More marvelous still is his description of the efforts made by another documentary maker, Emile de Antonio, who put together a documentary on the Army-McCarthy hearings. No doubt as unbiased and fair-minded as McDonald himself, this is how the process is described:

“According to de Antonio, he bought the kinescopes of the live broadcasts [of the hearings] that had gone out daily on the American ABC network. Then he cut some 200 hours of footage to make an eighty-eight minute film.”

A “Hollywood” producer uses 0.7% of the actual footage of the hearings to portray McCarthy and this is intended to demonstrate just how fairly McCarthy was being presented. What it does, of course, is demonstrate just how naïve McDonald is in expecting any of us to take such statements seriously. But still he manages to go even beyond that in what is a truly bizarre passage. How is this for evidence that McCarthy was treated fairly by the media?

“There was a former Soviet agent reporting the hearings a few feet from the Committee room. It was Michael Straight, the only American among the Cambridge spies of the 1930s, who was to write Trial by Television, an excellent account of the hearings and from whom I have borrowed the title of this article.” (p92-93 – my bolding)

Thus we have a former Cambridge spy, a Stalinist agent in the West, being quoted favourably against Joe McCarthy. Just a few weeks ago there was an outpouring of indignation at the time of the death of folksinger Pete Seeger, who had been a communist all his life, and therefore a Stalinist back in the 1950s, but who had never been a traitor, had never betrayed his country and had never handed over secrets to the Soviet Union. Now, right on the pages of Quadrant, we have an actual Stalinist agent, identified as such, being used as an authority against Joe McCarthy, one of the few people brave enough to stand up to Stalinists right then and there, at a time when it really mattered. That the left continues to pile on is merely part of the tactical advantage it believes it can still achieve in flogging the Joe McCarthy horse. And as long as there are people on the right who remain defensive about McCarthy, this is a tactic that will continue till the end of time.

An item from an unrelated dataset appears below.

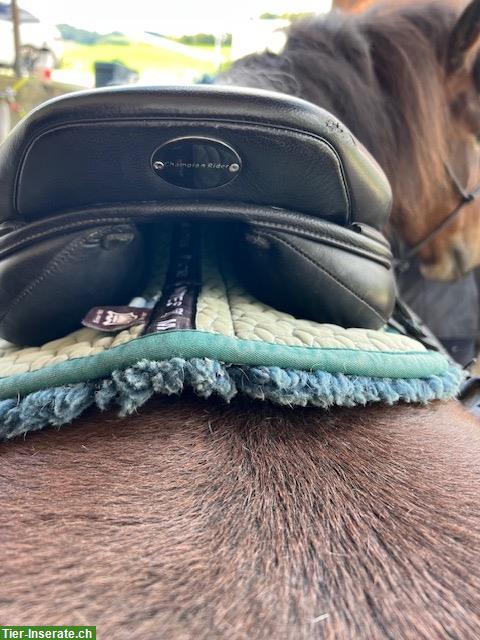 Bild 3: Championrider Isländer Sattel XChange 17.5 Zoll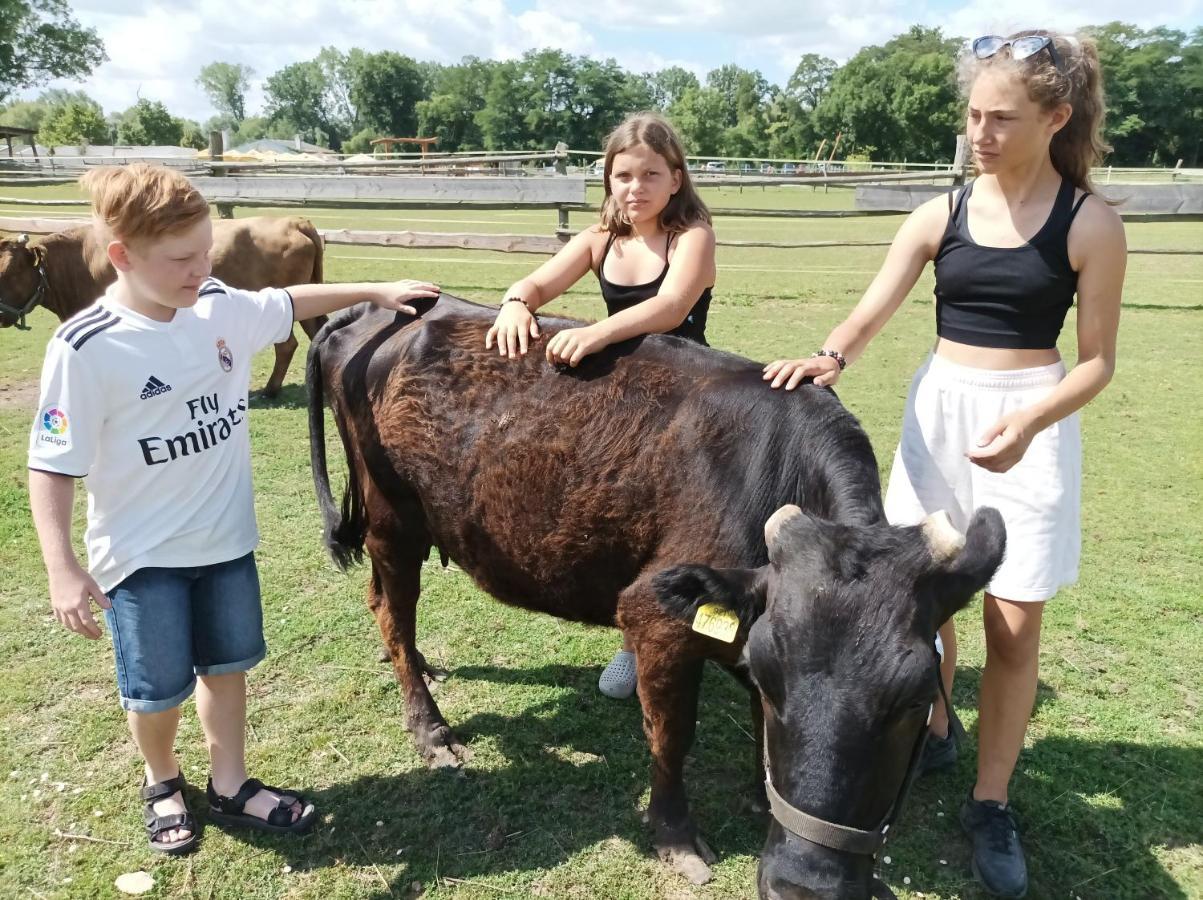Zoopark Zelcin Villa Melnik Luaran gambar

That the mainstream media was as far to the left in the 1950s as it is today should be seen as one of the facts of life that we on the non-totalitarian right have had to deal with. I will quote here the same statement quoted by McDonald. This was by the “CBS boss Bill Paley”:

“When the record is finally written .  .  . it will answer the question, who has helped the communist cause and who has served this country better, Senator McCarthy or I? I would like to be remembered for the answer to that question.” (p92)

Well, Bill, be my guest. You and your kind have done the totalitarian cause yeoman service, as your latter-day minions continue to do.

And for those who read this and know little about the times and the issues, you cannot do better than read M. Stanton Evans Blacklisted by History. And when you have done with that, you should go on and read Diana West’s American Betrayal. What they write is not restricted in its relevance to the 1950s and is by no means a closed book with no significance today. It is an up-to-the-minute story of now, and its immediacy is crucial to defending the values of the West.